Nach dem Pilotprojekt mit zunächst 20 Papierkörben inklusive Sensorik sollte es ein Ziel sein, alle Papierkörbe derart auszustatten. Eine vergleichsweise geringe Kostensteigerung, die große Effekte auf die Arbeitsplanung und Arbeitsdurchführung der Stadtreinigung in Iserlohn und Hemer haben wird.
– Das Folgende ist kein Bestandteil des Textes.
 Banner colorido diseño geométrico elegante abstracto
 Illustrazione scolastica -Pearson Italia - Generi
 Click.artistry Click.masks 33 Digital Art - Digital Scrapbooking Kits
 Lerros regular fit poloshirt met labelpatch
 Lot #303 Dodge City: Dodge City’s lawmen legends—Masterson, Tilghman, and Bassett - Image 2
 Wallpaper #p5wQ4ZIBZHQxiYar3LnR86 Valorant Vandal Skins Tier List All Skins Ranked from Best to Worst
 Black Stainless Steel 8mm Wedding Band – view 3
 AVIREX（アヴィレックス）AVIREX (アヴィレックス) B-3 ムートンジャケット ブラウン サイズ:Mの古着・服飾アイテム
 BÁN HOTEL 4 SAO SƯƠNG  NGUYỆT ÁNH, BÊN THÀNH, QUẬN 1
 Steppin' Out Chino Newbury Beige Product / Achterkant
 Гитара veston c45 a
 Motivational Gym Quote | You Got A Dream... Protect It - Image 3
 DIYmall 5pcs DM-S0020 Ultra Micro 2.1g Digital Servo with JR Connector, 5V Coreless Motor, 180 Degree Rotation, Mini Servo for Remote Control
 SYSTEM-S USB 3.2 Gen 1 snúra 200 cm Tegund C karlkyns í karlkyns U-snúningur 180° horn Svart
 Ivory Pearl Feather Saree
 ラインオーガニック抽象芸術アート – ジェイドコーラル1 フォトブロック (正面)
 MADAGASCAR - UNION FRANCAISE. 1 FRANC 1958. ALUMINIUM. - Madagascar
Es werden folgende Effekte erwartet:
- Erkenntnisgewinn über den Nutzungsgrad des einzelnen Standorts
- Evaluierung der Standorte und Reduzierung oder Ausweitung des Serviceangebots in Hinblick auf die Anzahl und das vorzuhaltende Volumen im Kontext des Leerungszyklusses
- Kontrolle der Leistungserbringung
- Mechanisierung der körperlich anstrengenden Arbeitsprozesse und Reduzierung der Ausfallzeiten
- Nutzung der Software für weitere Prozesse der Logistik
Wie aus dem Ablauf deutlich geworden ist, sollten die Abläufe von der Seite der Logistik her neu betrachtet werden und dementsprechende Rückschlüsse gezogen werden. Viele Tätigkeiten erscheinen in einem neuen Licht und können nach demselben Prinzip neu justiert werden. Die Leerung der Papierkörbe gleicht einem Prozess in der Logistik: Von Punkt a nach b, um dort etwas zu erledigen und dann weiter nach c. Dieses Schema findet man so auch in der Wartung und Kontrolle der Spielplätze, bei der Unterhaltung von Sportplätzen, bei der Kontrolle von Wegen und Straßen, bei der Planung der Winterdienstrouten sowie der Touren der Kehrmaschinen oder etwa bei der Einteilung der Großflächenmäher.
Im Rückschluss muss die Softwarelösung derart adaptiert werden, dass viele weitere Dienstleitungen aus Sicht der Logistikprozesse und mit personeller Entwicklung in Richtung eines Speditionskaufmanns möglich werden. Unzweifelhaft ist der Dialog mit dem Personalrat über die Nutzung der GPS bezogenen Daten erforderlich.
Aus dem Ansatz der Optimierung der Prozesse bei der Leerung von Papierkörben - einem Randthema im Arbeitsalltag- und den eingangs aufgeworfenen Fragestellungen konnten Lösungen generiert werden, die nunmehr einen gesamtbetrieblichen Ansatz in der Logistik bewirkt haben und sich in Umsetzung befinden.
Es erscheint durchaus zielführend, Fragen zu stellen, die Kollegen einzubinden, die Digitalisierungsmöglichkeiten zu nutzen und eine Verbesserung für die städtische Infrastruktur zu bewirken.